Claro que os números 80/20 não são mágicos nem são aqui o importante, mas sim a ideia de que uma pequena parcela das causas gera uma larga fatia dos efeitos.
Sem desprezar o impacto nas vidas das pessoas diretamente envolvidas, os direitos da amamentação e do luto gestacional não são o mais importante na reforma laboral nem é da sua alteração que resultará uma economia mais dinâmica; e o reagrupamento familiar é uma parcela muito pequena do aumento descontrolado do número de imigrantes.
Para além do escrutínio público e das críticas fundamentadas, o Governo sabe que vai enfrentar resistências de corporações, interesses instalados, opositores políticos e partes interessadas em cada mudança que queira fazer.
O que se está a passar com as mudanças propostas para a Fundação da Ciência e Tecnologia é, a esse nível, muito ilustrativo.
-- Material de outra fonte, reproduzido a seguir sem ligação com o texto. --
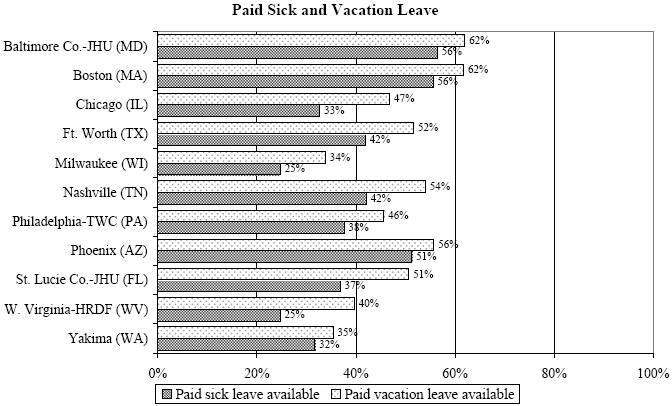 EXHIBIT IV.9 PERCENTAGES OF WtW ENROLLEES WITH FRINGE BENEFITS ON THE PRINCIPAL JOB HELD TWO YEARS AFTER PROGRAM ENTRY.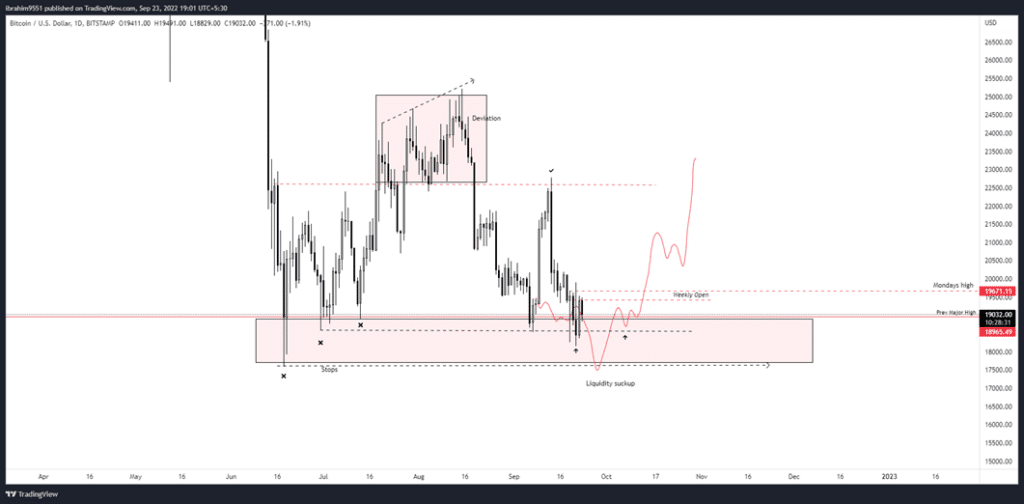 Bitcoin and Ethereum Price Analysis: Navigating Key Support Levels and Predicting the Next Crypto Market Move Bitcoin Daily Chart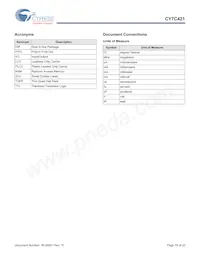 CY7C421-20JXI Datasheet Page 19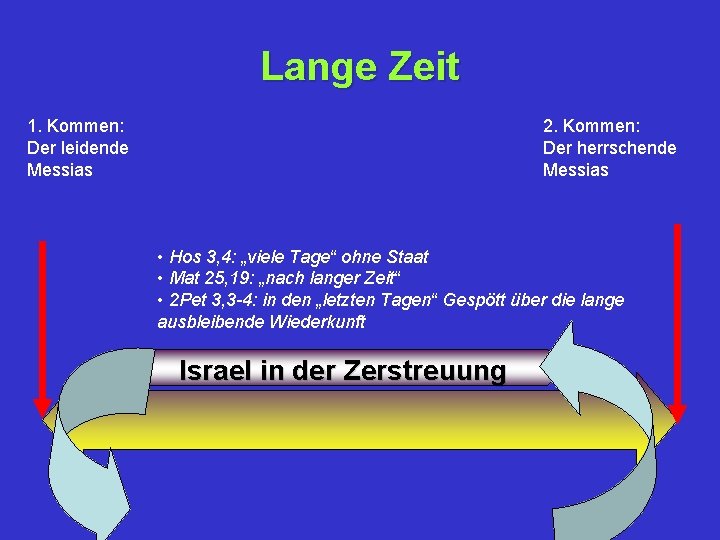 Lange Zeit 1. Kommen: Der leidende Messias 2. Kommen: Der herrschende Messias • Hos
Durante décadas, a FCT era um exemplo de mau funcionamento, de atrasos no pagamento de bolsas e de geração de instabilidade na vida dos bolseiros. Perdeu-se a conta aos concursos impugnados, criticados ou polémicos e muitas das denúncias desse caos vinham precisamente dos cientistas e de organizações que dizem representá-los. Agora que o Governo apresenta uma mudança da organização, são essas mesmas vozes que se opõem e defendem o status quo.
O Governo sabe também que uma boa parte das reformas se ganham ou perdem na opinião pública e na forma como a mediana sociológica do país as entender.
Por fim, o Governo não desconhece que as tentativas de mudança causam desgaste político imediato em nome de um eventual reconhecimento futuro — se as mudanças foram efetivas e eficazes.
Se se perder nos aspetos que geram 95% do desgaste apesar de terem apenas 5% de importância de cada dossier, rapidamente o Governo vai perder o foco e em pouco tempo estará ocupado a apagar fogos e a fazer a gestão de danos das pequenas polémicas públicas.
Se está disponível para assumir o custo das mudanças, então que se concentre em assuntos estruturais que podem fazer mesmo a diferença.